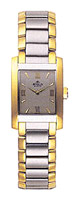Appella 286-2003 wrist watches for women - 1 photo, picture, image
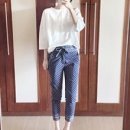 에이치아틀리에 이미지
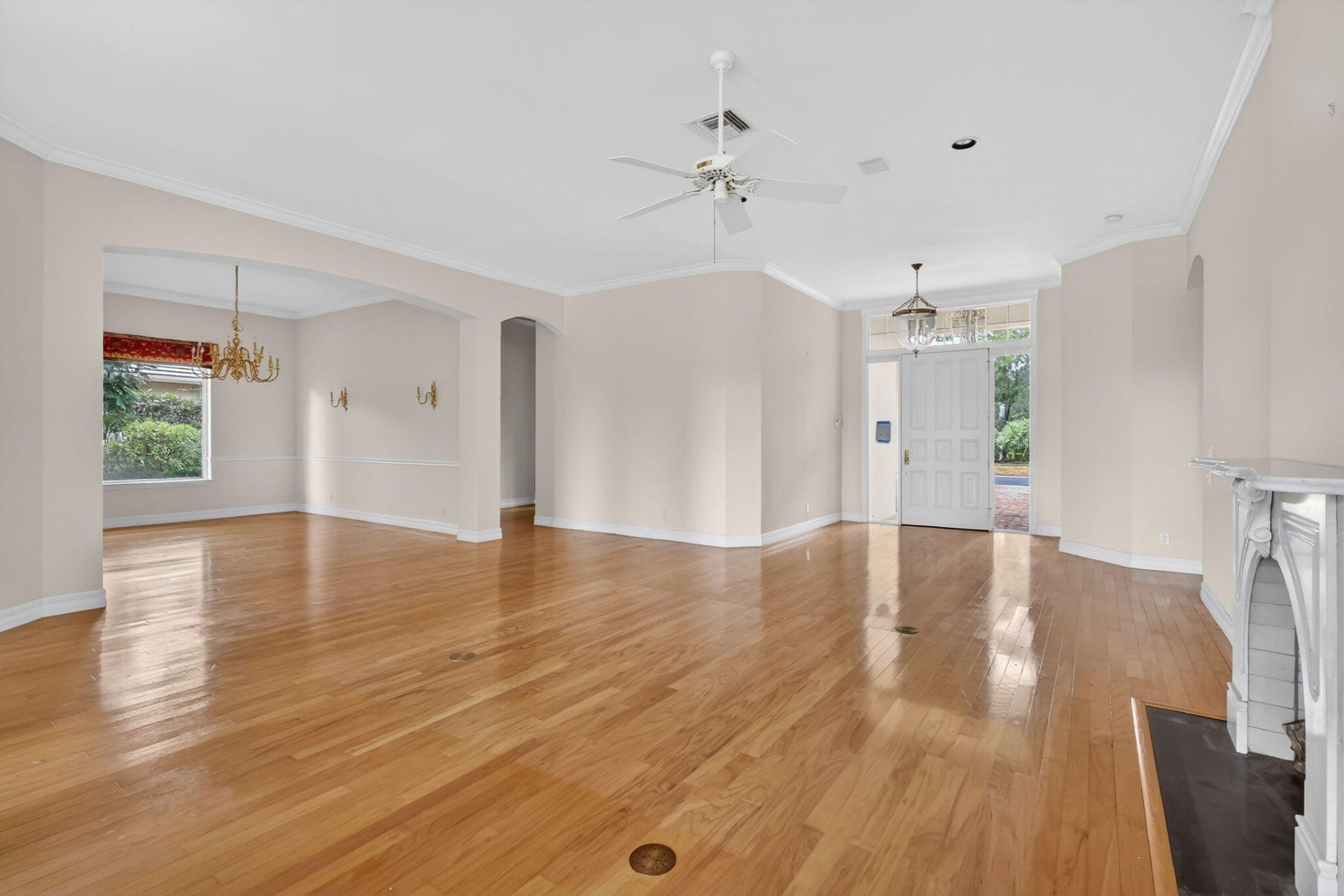 3097 SE Doubleton Drive, Stuart, FL 34997 Photo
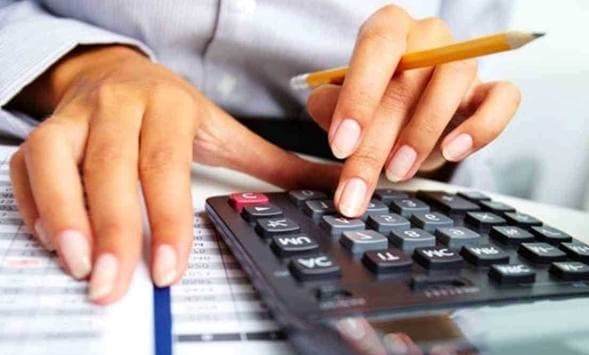 Чи насправді підприємців звільнили від орендної плати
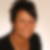 Profilbild von Ramona Mössner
+ + + +
TASK DIRECTIONS ▸
Set down word for word every line from the one containing "Чи насправді підприємців" through the last line of the records above, both ends included. Leave out the pictures.

YOUR SOLUTION ▸
 Чи насправді підприємців звільнили від орендної плати
 Profilbild von Ramona Mössner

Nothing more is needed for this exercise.